Currently, nearly 1.2 billion people, over 16 % of the world population, have no access to electricity and around 2.7 billion people, over 37% of the world population, are without clean cooking facilities.
In accordance to the International Energy Agency, we define lack of access to electricity and to clean cooking facilities as lack of access to “modern energy”.
Over 95% of the people without access to modern energy are concentrated in sub-Saharan Africa or developing Asia and 80% of them live in rural areas. The world distribution of this energy poverty largely coincides with the world distribution of overall extreme poverty.
In September 2015 the General Assembly of the United Nations adopted the 2030 Sustainable Development Agenda, which includes a set of 17 Sustainable Development Goals (SDGs) to end poverty, fight inequality and injustice, and tackle climate change by 2030. Goal number 7 is dedicated to “Ensure access to affordable, reliable, sustainable and modern energy for all”, a big challenge to the global community.

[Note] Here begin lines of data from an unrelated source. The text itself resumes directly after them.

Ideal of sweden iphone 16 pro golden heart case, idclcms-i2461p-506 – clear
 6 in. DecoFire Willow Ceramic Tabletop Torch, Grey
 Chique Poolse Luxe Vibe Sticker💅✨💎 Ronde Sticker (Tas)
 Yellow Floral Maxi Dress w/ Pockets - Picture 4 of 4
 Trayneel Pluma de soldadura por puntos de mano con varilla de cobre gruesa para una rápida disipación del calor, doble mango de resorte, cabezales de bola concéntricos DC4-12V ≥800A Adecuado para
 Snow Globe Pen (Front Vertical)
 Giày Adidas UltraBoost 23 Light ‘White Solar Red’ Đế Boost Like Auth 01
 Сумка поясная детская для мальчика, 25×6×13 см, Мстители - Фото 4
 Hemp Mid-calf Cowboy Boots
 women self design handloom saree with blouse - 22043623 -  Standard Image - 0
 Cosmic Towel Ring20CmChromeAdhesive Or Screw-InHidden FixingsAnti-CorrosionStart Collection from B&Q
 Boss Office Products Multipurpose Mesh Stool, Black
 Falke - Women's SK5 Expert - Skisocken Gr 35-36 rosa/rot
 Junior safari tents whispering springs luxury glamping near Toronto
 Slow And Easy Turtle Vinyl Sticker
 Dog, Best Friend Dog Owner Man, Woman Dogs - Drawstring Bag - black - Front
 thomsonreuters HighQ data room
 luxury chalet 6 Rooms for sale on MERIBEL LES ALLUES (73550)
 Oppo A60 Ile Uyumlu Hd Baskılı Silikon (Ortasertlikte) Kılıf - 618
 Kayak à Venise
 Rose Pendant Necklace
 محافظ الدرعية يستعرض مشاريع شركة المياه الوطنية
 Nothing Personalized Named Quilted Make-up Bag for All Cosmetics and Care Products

The latest World Energy Outlook, published by the International Energy Agency in November 2016, forecasts that in 2030 some 780 million people will still be without electricity and 2.3 billion will continue to rely on the traditional use of solid biomass for cooking.
It highlights that the policies presently adopted and planned are dramatically insufficient.
The issue of access to modern energy may be analyzed from various points of view. We have identified three main perspectives: social inclusion, economic development and environmental preservation.
To make energy access sustainable and effective in the long term we must consider different technical or political solutions. This web-site presents a variety of solutions and examines the use of different energy sources, technologies and business models.